DATA SUPPLIED.
-------------------------

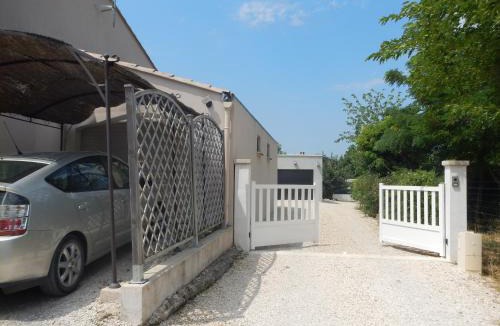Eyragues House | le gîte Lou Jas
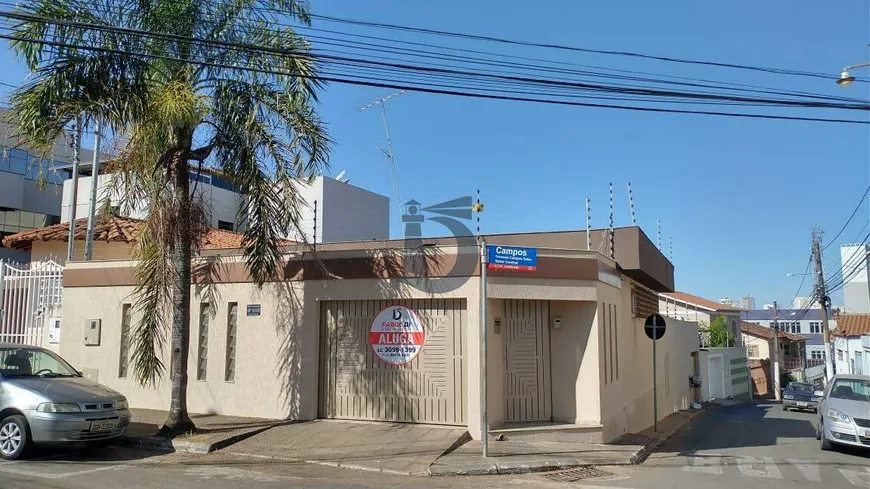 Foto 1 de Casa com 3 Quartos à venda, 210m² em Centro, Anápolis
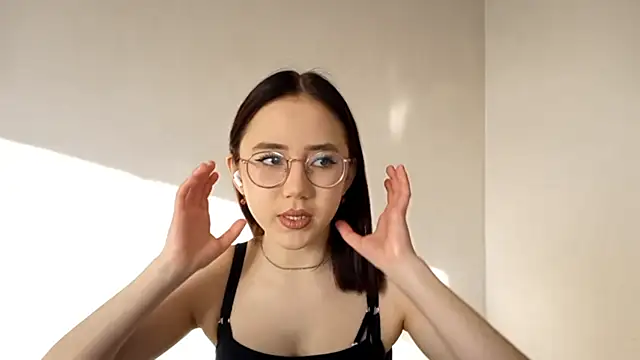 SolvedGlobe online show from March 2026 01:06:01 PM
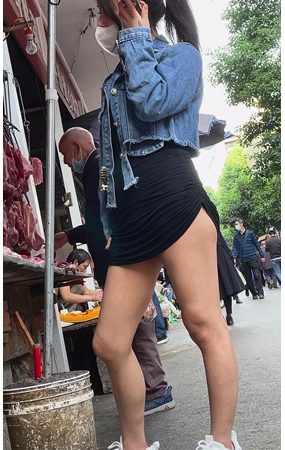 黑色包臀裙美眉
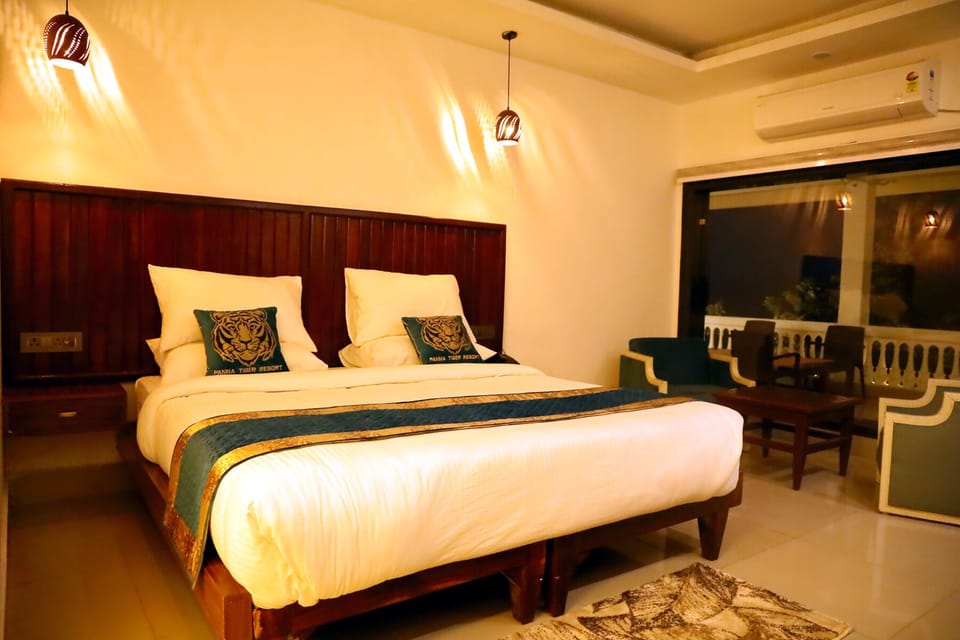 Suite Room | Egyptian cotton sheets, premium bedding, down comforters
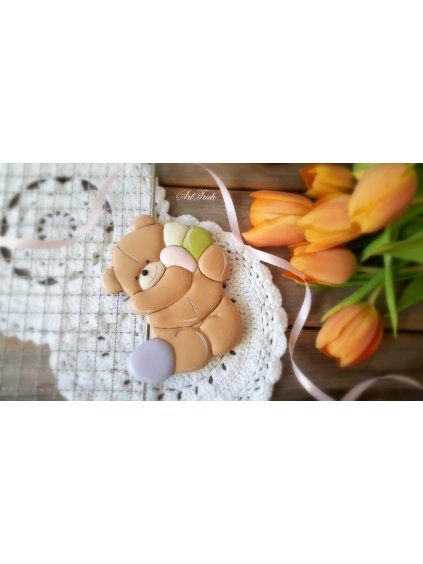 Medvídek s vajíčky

-------------------------

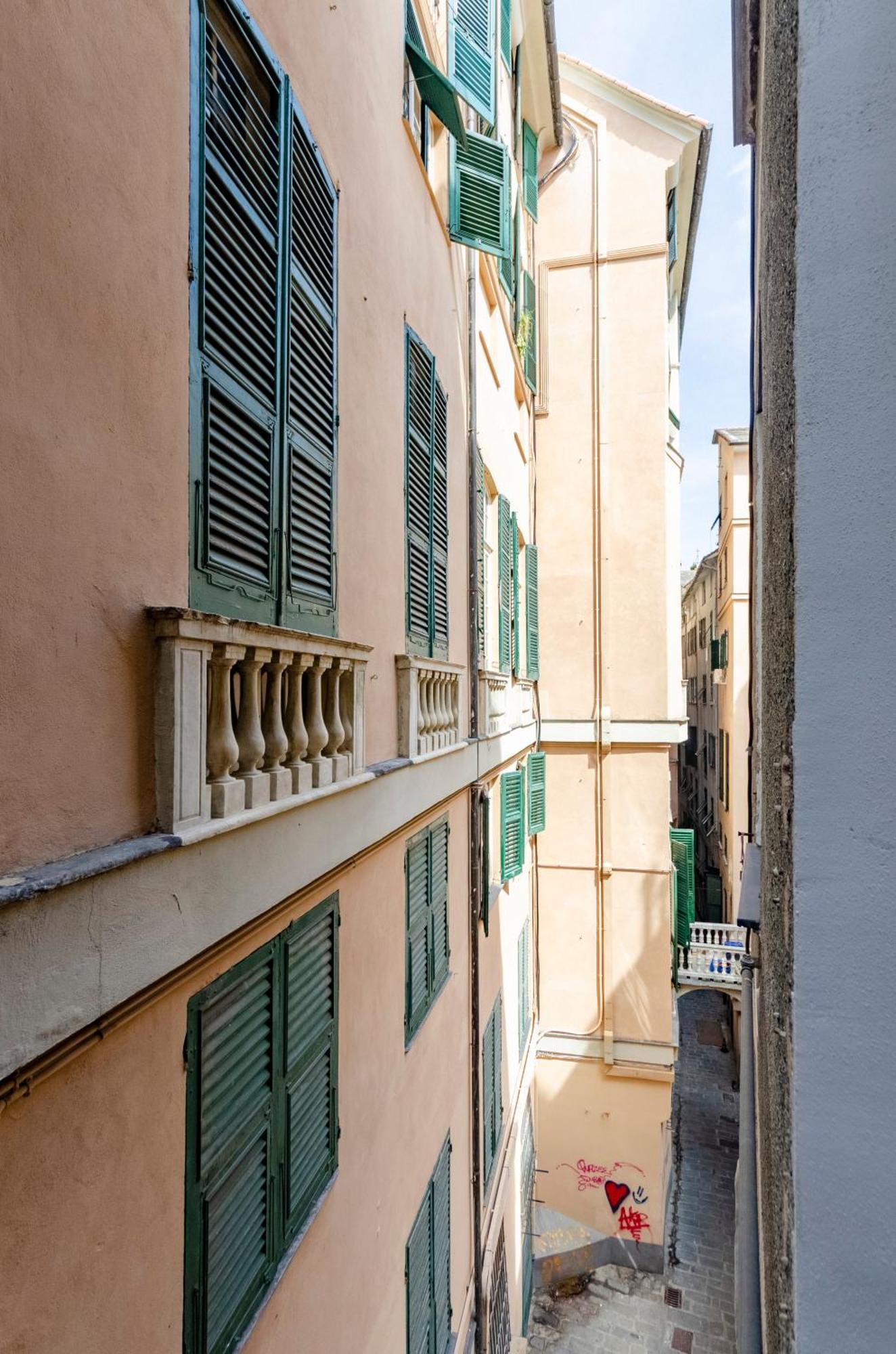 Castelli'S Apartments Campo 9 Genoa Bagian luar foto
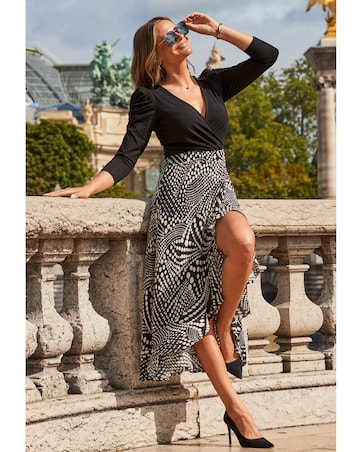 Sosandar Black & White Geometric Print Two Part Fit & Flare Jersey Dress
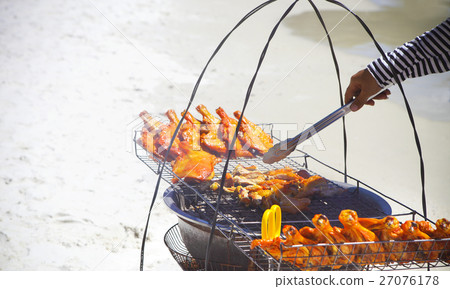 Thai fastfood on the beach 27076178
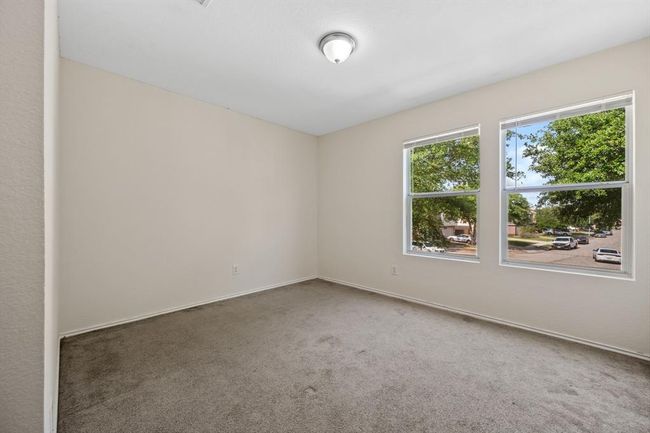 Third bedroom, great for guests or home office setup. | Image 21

-------------------------

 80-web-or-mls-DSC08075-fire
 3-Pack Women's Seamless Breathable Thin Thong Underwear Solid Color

-------------------------

DESCRIPTION OF THE TASK.
Write out word for word the lines of the listing above from the line with "Castelli'S Apartments Campo" to the line with "Third bedroom, great", taking in both of those lines but no pictures.

EXERCISE RESULT.
 Castelli'S Apartments Campo 9 Genoa Bagian luar foto
 Sosandar Black & White Geometric Print Two Part Fit & Flare Jersey Dress
 Thai fastfood on the beach 27076178
 Third bedroom, great for guests or home office setup. | Image 21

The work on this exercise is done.